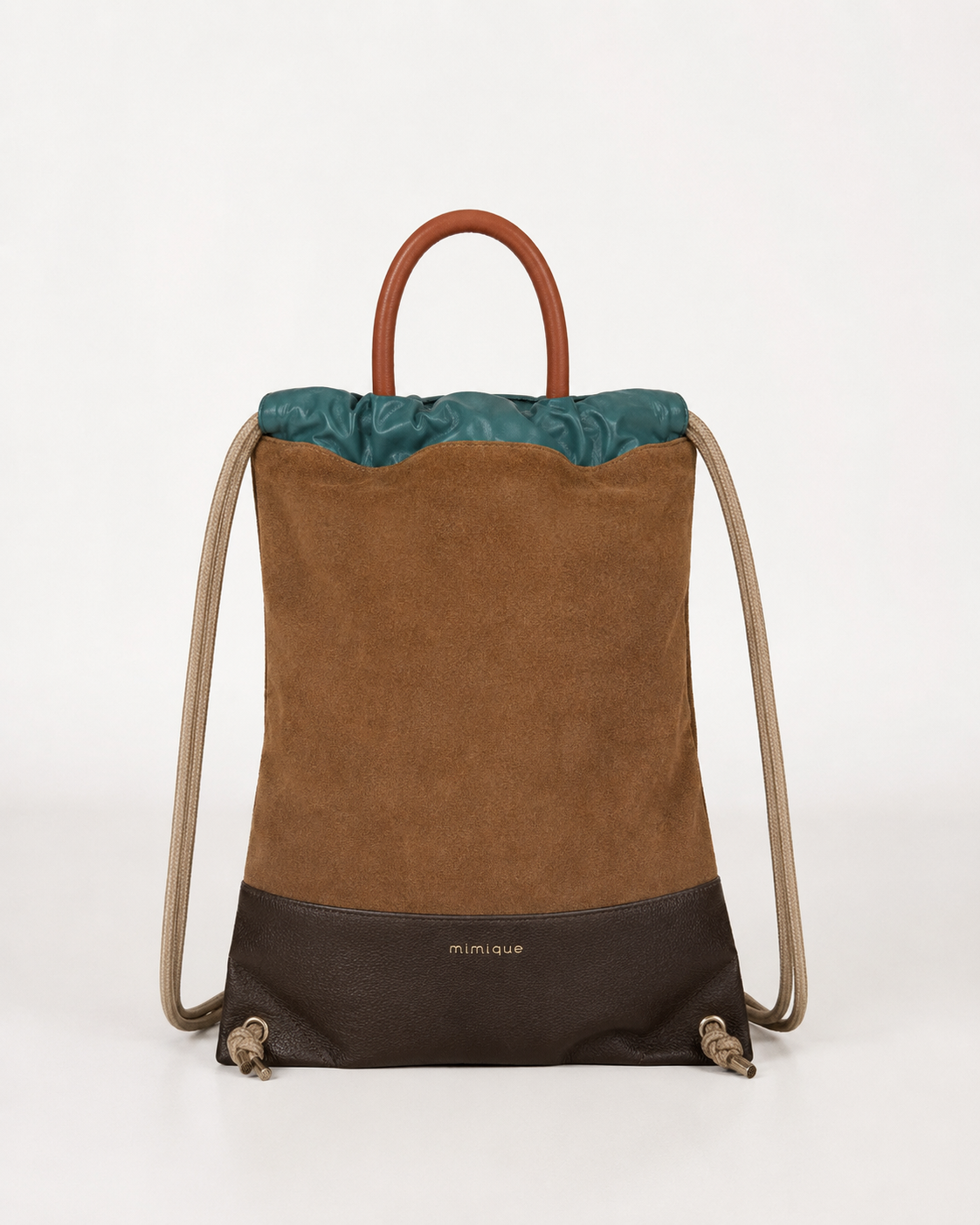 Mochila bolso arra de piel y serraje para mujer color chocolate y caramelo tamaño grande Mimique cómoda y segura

* * *

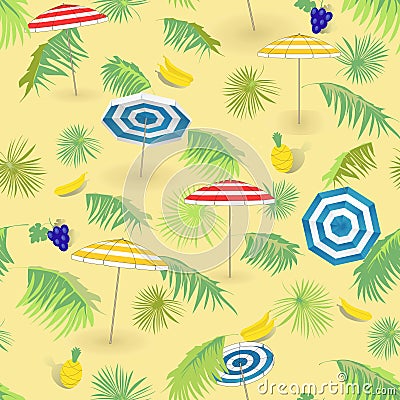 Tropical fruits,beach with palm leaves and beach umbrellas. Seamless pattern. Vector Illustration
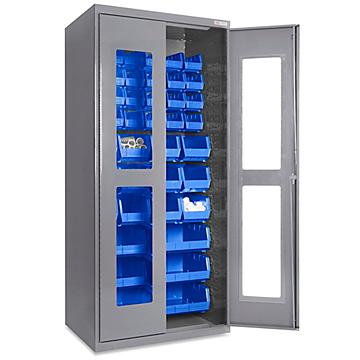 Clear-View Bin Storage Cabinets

---

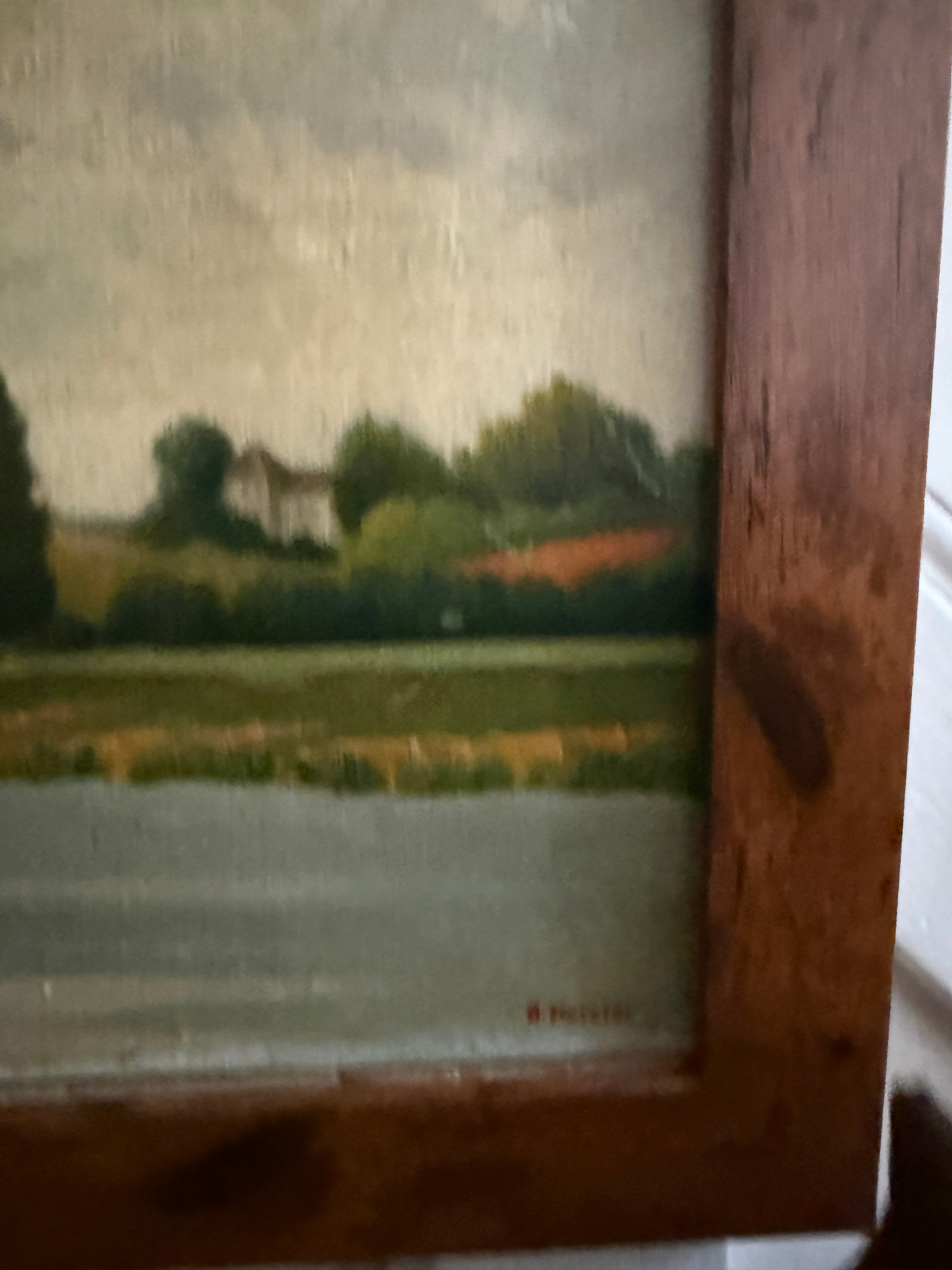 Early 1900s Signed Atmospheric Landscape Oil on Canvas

• [WHAT YOU SHOULD DO]:
In the listing above, find the line containing "Tropical fruits,beach with" and the line containing "Clear-View Bin Storage Cabinets", then write out both of them and every line between, exactly, with no pictures.

• [SOLUTION BELOW]:
 Tropical fruits,beach with palm leaves and beach umbrellas. Seamless pattern. Vector Illustration
 Clear-View Bin Storage Cabinets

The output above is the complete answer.